No smile on this face. The girls were the first ones to spot that something was wrong, and the rest of us went on partying. However, we were forced by the girls to appologize and it was not accepted. This sucked: we just wanted to shock and annoy Chris and Steve, not to drive Chris into a rage on the night of his birthday. There was nothing to do but to give the man his space. We couldn’t get into our rooms because Steve had locked our door which didn’t have a key (payback of roughly the same magnitude as our joke), but this would not be a problem. We saw Chris come into the kitchen, grab the 5 gallon bottle of water, and then heard a resounding “BOOM!” as the hollow framed door buckled. The bastard had kicked down our door like Cochese, and was pouring water all over our matresses. He tossed the spent bottle to the floor, saying “O.K., now I forgive you.”. Now although this was the equivalent of getting back at at someone by punching them in the face for talking smack, there was nothing to do but laugh in this situation. It was funny after all, it really was.

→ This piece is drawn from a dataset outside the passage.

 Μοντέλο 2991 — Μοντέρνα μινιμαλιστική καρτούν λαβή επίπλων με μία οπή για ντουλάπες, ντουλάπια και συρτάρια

That night, I slept on the soggy slab of plywood that had held my bed off the floor. I slept pretty well, but woke up sore with a hangover, still laughing from the previous night’s events.
For the remainder of our time in college, Chris remained bitter about the incident. It was “not funny”. I think that he had always secretly thought that the incident was funny, but just didn’t want to admit it out of pride. Then again, maybe not.
All of shit that we gave one another was given out of the desire to humiliate and to entertain, but also to share our own brand of love. Only good friends can be so cruel to eachother, and still be good friends after so long. These are among my fondest memories of college.